**PROMPT:**
Once you find the line with "Emme Manifold Basınç (Map) Sensörü", output it and every line after it exactly, through the last line of the listing, but no pictures.

··· SOURCE INFORMATION

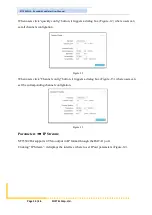 Preview for 18 page of Softel SFT3542HA User Manual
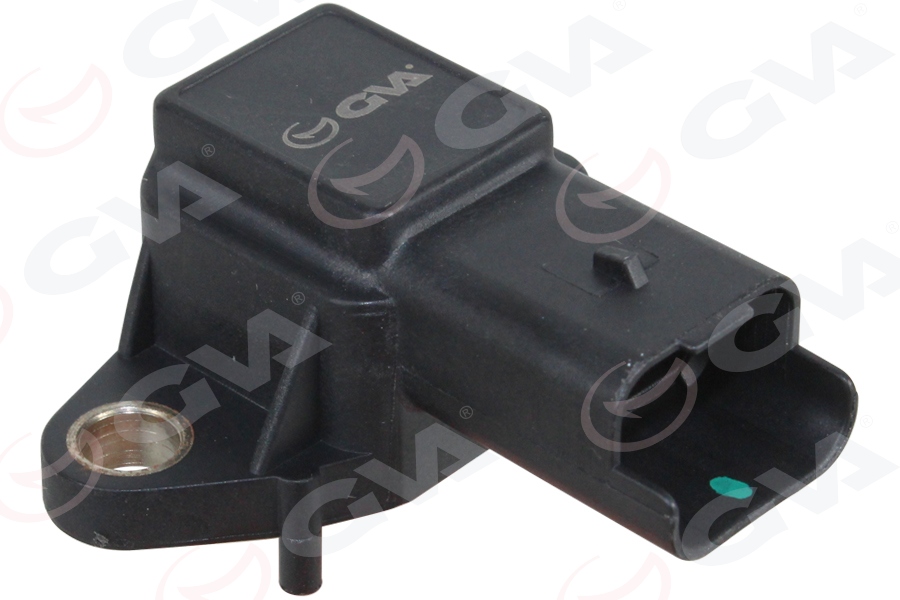 Emme Manifold Basınç (Map) Sensörü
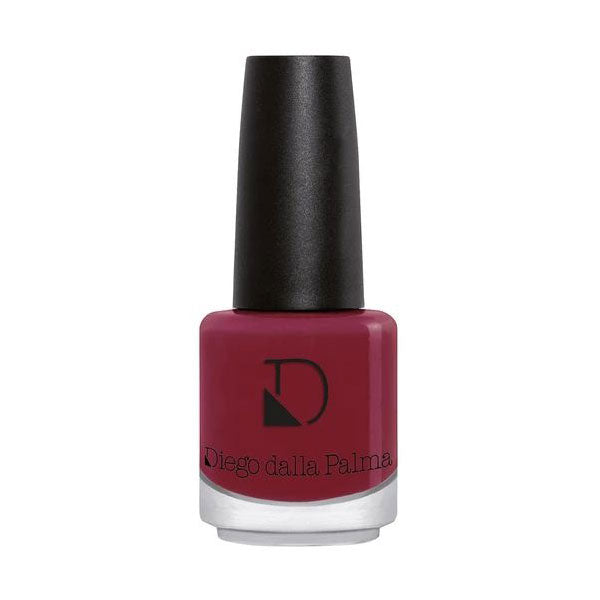 Diego Dalla Palma Milano Smalto Unghie Nail Polish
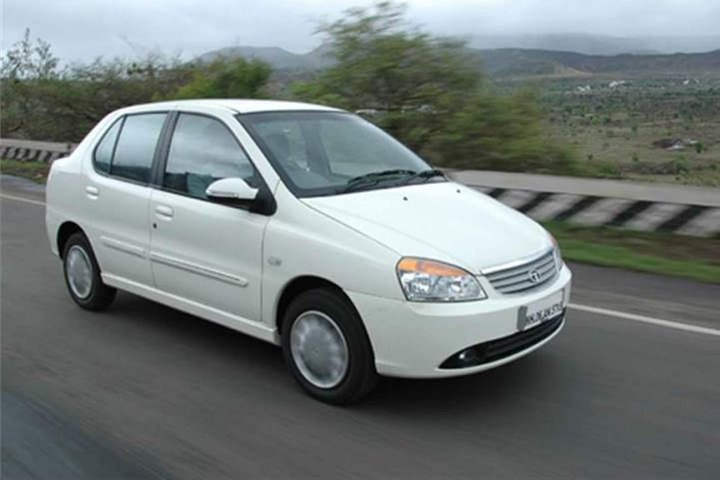 Private Transfer From Ranthmbore To Agra - Photo 1 of 6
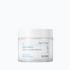 [SCINIC] Увлажняющий крем The Simple Relief 80 мл
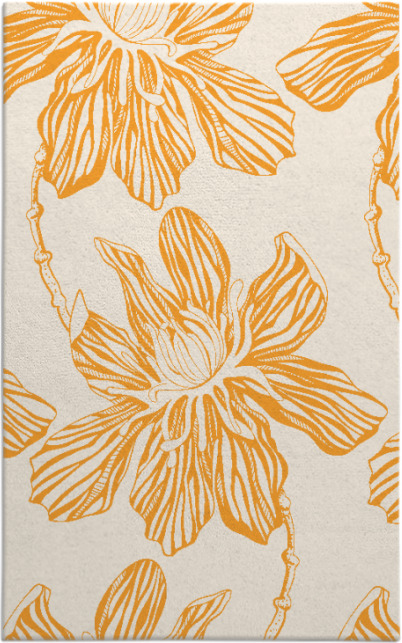 tulsa rug - item 509798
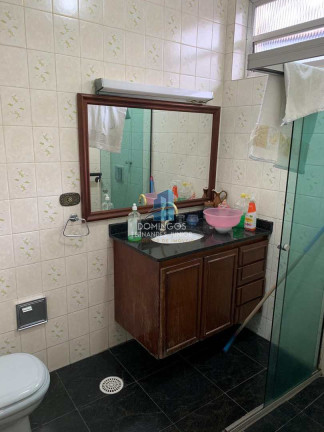 Imagem Casa com 3 Quartos à Venda, 247 m² em Vila Matilde - São Paulo Imagem Casa com 3 Quartos à Venda, 247 m² em Vila Matilde - São Paulo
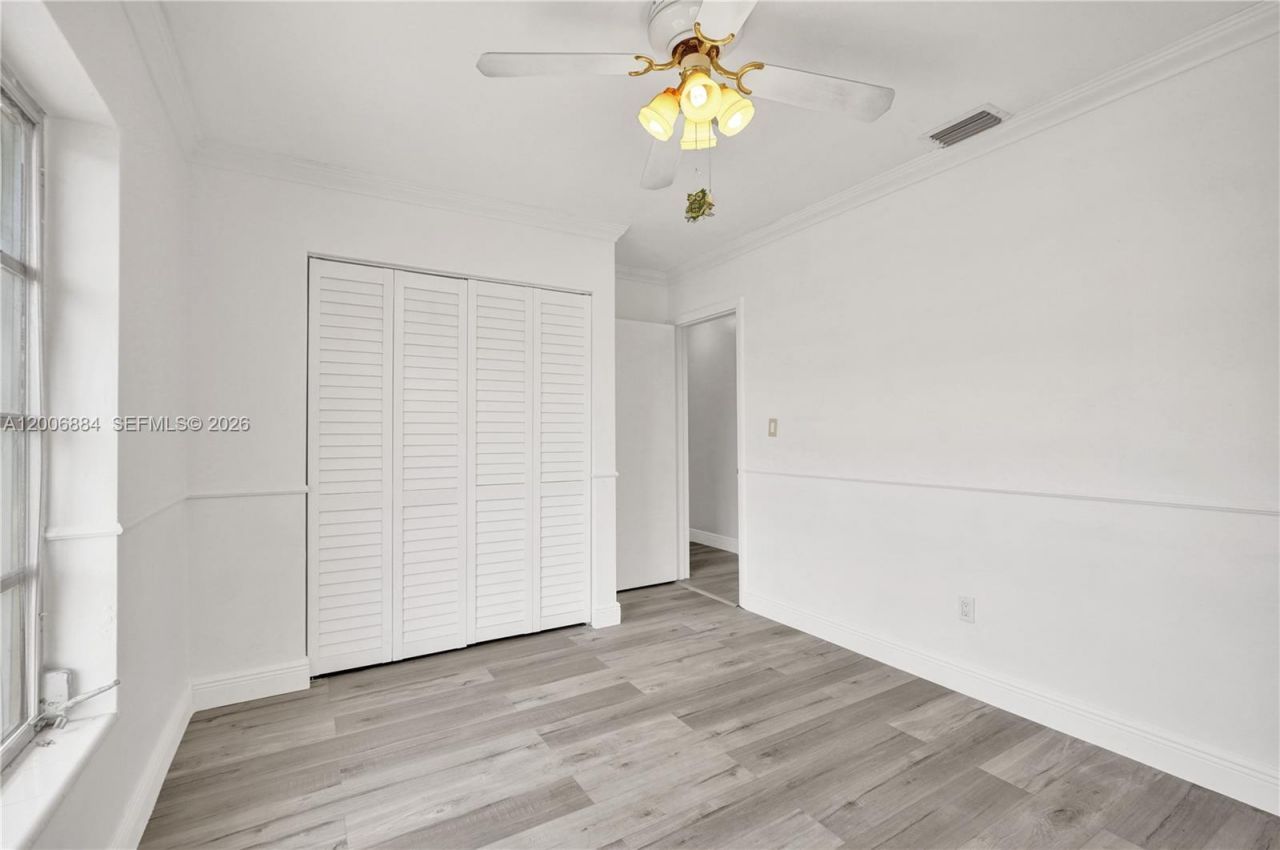 10511 SW 124th Ave, Miami, FL 33186 Photo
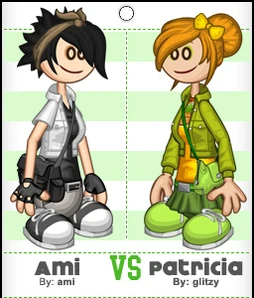 Wintergreenway round2 b.jpg (47 KB) Ami vs. Patricia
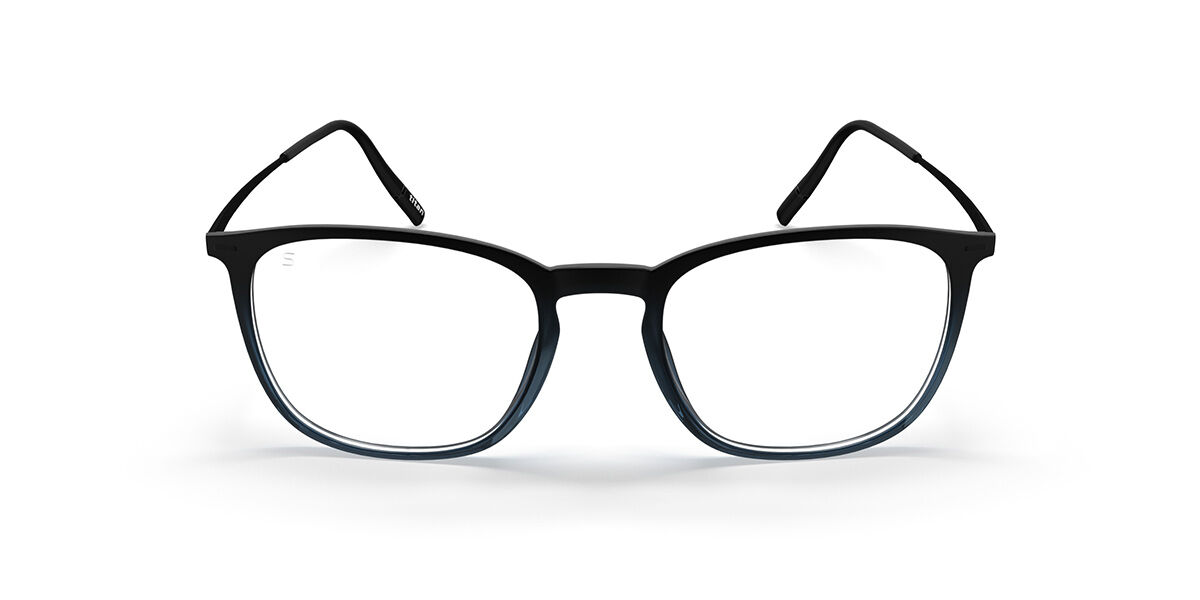 Silhouette Illusion… - image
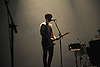 DSC_3632.JPG: -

······

**EXERCISE RESPONSE:**
 Emme Manifold Basınç (Map) Sensörü
 Diego Dalla Palma Milano Smalto Unghie Nail Polish
 Private Transfer From Ranthmbore To Agra - Photo 1 of 6
 [SCINIC] Увлажняющий крем The Simple Relief 80 мл
 tulsa rug - item 509798
 Imagem Casa com 3 Quartos à Venda, 247 m² em Vila Matilde - São Paulo Imagem Casa com 3 Quartos à Venda, 247 m² em Vila Matilde - São Paulo
 10511 SW 124th Ave, Miami, FL 33186 Photo
 Wintergreenway round2 b.jpg (47 KB) Ami vs. Patricia
 Silhouette Illusion… - image
 DSC_3632.JPG: -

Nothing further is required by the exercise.